E quanto, invece, questa storia le ha cambiato il modo di vedere la vita?
«Certamente quello che è successo mi ha modificato nel profondo. Ho capito quanto le piccole cose contino quando non le hai. Non dimenticherò la sofferenza di non poter uscire, bere, mangiare, abbracciare. Ma ancor meno dimenticherò la felicità di quando ho ricominciato a fare questi gesti. Adesso ogni minima riconquista è per me la più grande del mondo».
Lei è anche una persona di fede. Pensa che nella sua salvezza ci sia qualcosa di più dei medici bravi e della semplice fortuna?
«Lo credo profondamente. Mi hanno raccontato delle tantissime persone che pregavano per me, non tutte cattoliche ma tutte speranzose che ce la facessi. Quella notte i medici hanno detto ai miei cari che ero gravissimo, quasi a prepararli al fatto che non mi avrebbero avuto più. Io penso però che qualcuno di più grande mi abbia accompagnato in quel tremendo volo. Forse ha ragione il dottor Zarcone: prima che cadessi al suolo, mi ha infilato un casco per proteggermi».
Uno con la vita piena come la sua, come ha trascorso la lunga degenza?
«Per me stare fermo e non fare niente è stata una tortura. Ogni mattina, al risveglio, guardavo il soffitto della stanza e mi chiedevo come fosse possibile che uno che prende 150 voli aerei l’anno dovesse poi ritrovarsi in quella situazione capitata mentre camminava con il suo cagnolino. M poi mi dicevo: dai Mauro che ce la fai».
Dalle sue parole sembra che, in quale maniera, lei esca rafforzato da questo momento terribile...
«In effetti è così. Certo il fisico non è più quello di prima, ma sto gradualmente recuperando. Viceversa nella mente mi sono fortificato: ho imparato che nella vita è proprio la vita stessa la cosa più importante. Un tempo mi inorgoglivo per l’onorificenza ricevuta dal presidente della Repubblica, adesso mi rendo conto che quello è niente al confronto a tante cose più banali».
Ciò non toglie che lei abbia voglia di ricominciare anche in ambito lavorativo...
«Ci mancherebbe, anzi in parte l’ho già fatto.

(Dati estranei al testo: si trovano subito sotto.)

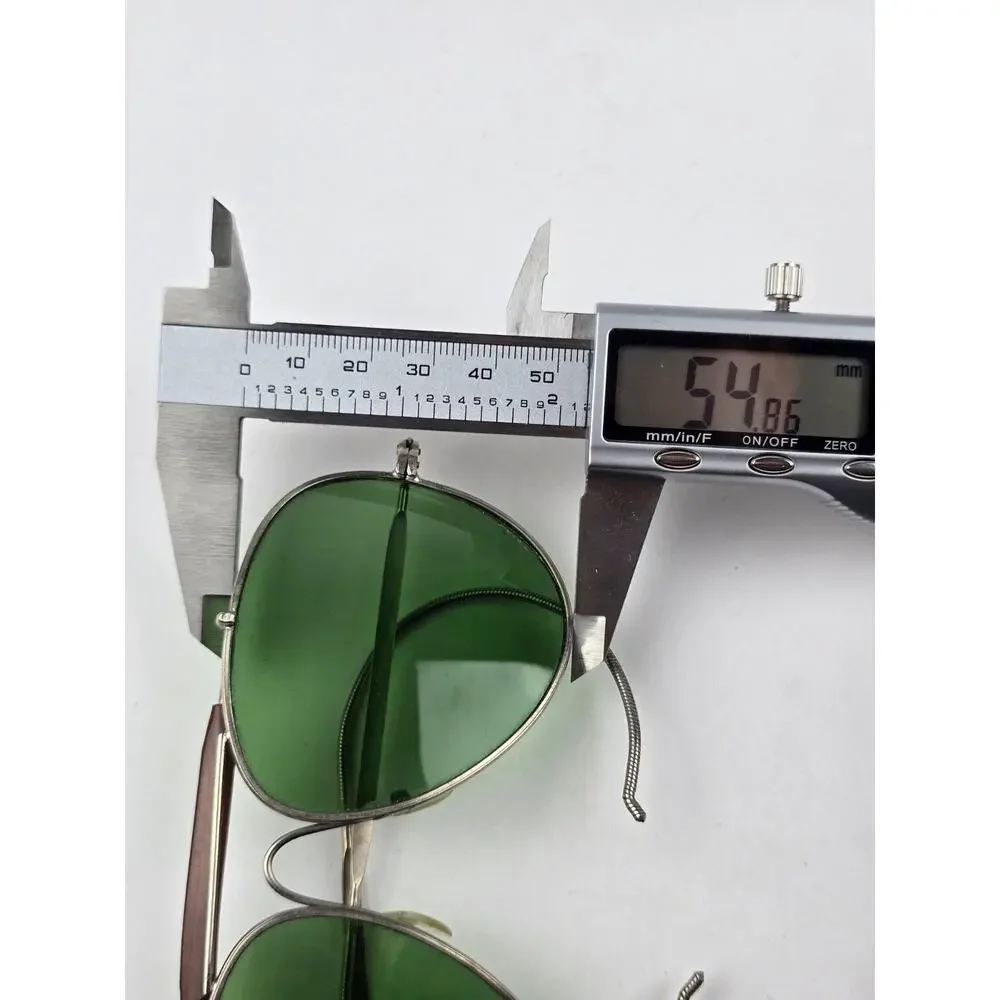 Vintage Green lens Pilot Aviator Crossbar Sunglasses Japan 125mm width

In ospedale avevo sempre in mano l’ipad per scrivere mail e studiare le carte. Ora che sono uscito ho fatto pure un salto a scuola per salutare tutti. Il fatto è che proprio non sono capace di stare a casa. I dottori non sono troppo contenti di questa mia esuberanza, mi dicono di essere prudente e più paziente».
E lei cosa risponde?
«La verità, vale a dire che è verissimo che sono vivo per miracolo, ma questo non è sufficiente. Voglio anche continuare a sentirmi vivo».